Pharmacy head to be sentenced in deadly meningitis outbreak

FILE- In this March 16, 2017, file photo, Barry Cadden, center, arrives at the federal courthouse in Boston, before scheduled closing arguments in his trial. Cadden is set to be sentenced on Monday, June 26, in a deadly nationwide meningitis outbreak that killed more than 60 people and sickened hundreds more. Cadden was acquitted of second-degree murder charges under federal racketeering law, but convicted on conspiracy and fraud charges. (AP Photo/Steven Senne, File)

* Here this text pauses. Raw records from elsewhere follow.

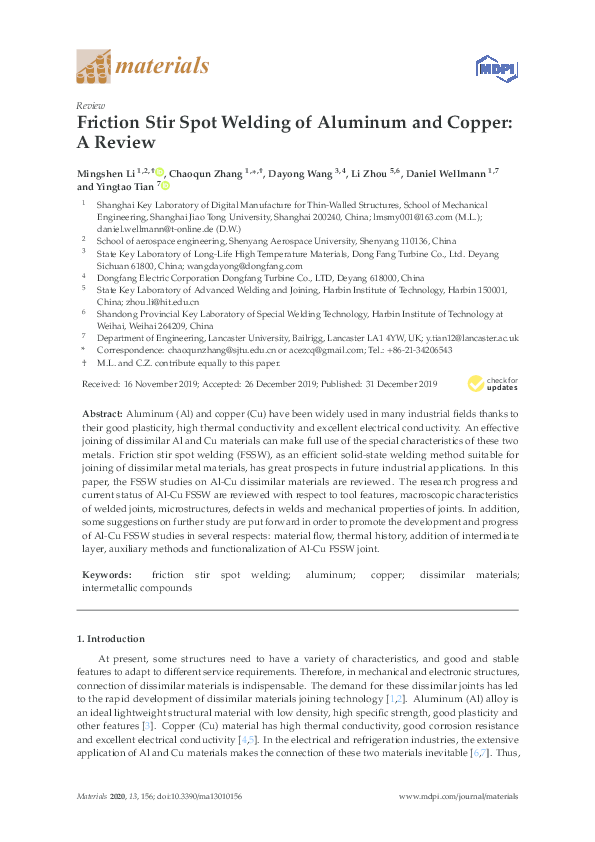 (PDF) Friction Stir Spot Welding of Aluminum and Copper: A Review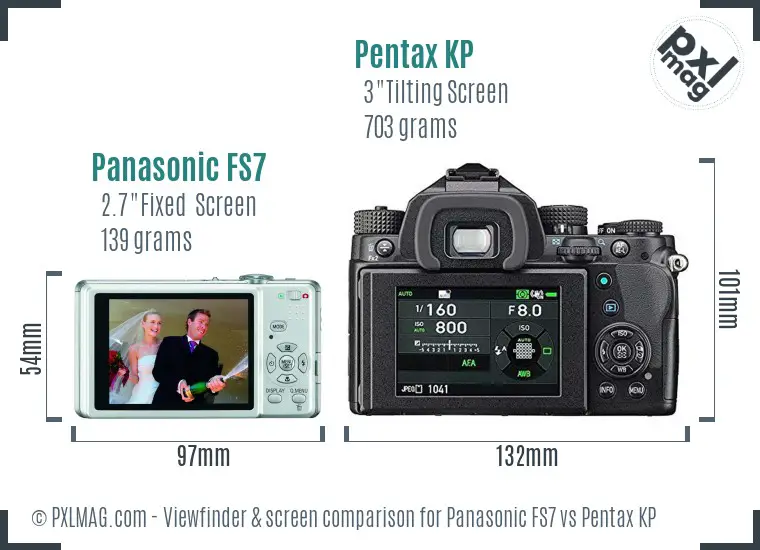 Panasonic FS7 vs Pentax KP Screen and Viewfinder comparison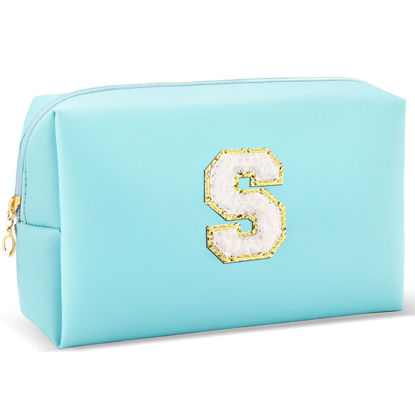 Picture of URSKYTOUS Gifts for Girls Initial Makeup Bag Personalized Cosmetic Bag with Zipper Cute Travel Toiletry Bag Waterproof PU Preppy Makeup Pouch Birthday Gift for Teen Girls Women(Blue S)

BOSTON (AP) — The co-founder of a Massachusetts compounding pharmacy is set to be sentenced in a deadly nationwide meningitis outbreak that killed more than 60 people and sickened hundreds more.

Barry Cadden was acquitted of second-degree murder charges under federal racketeering law, but convicted on conspiracy and fraud charges. Sentencing is scheduled for Monday in federal court in Boston.

Cadden was charged in connection with a 2012 fungal meningitis outbreak that was traced to contaminated injections of medical steroids made by the New England Compounding Center in Framingham.

Prosecutors say Cadden ran the center in a dangerous way by skirting industry regulations on sterility in an effort to push production and make more money.

Prosecutors will ask the judge to sentence him to 35 years in prison. Cadden’s lawyer says he should get 2½ to 3 years.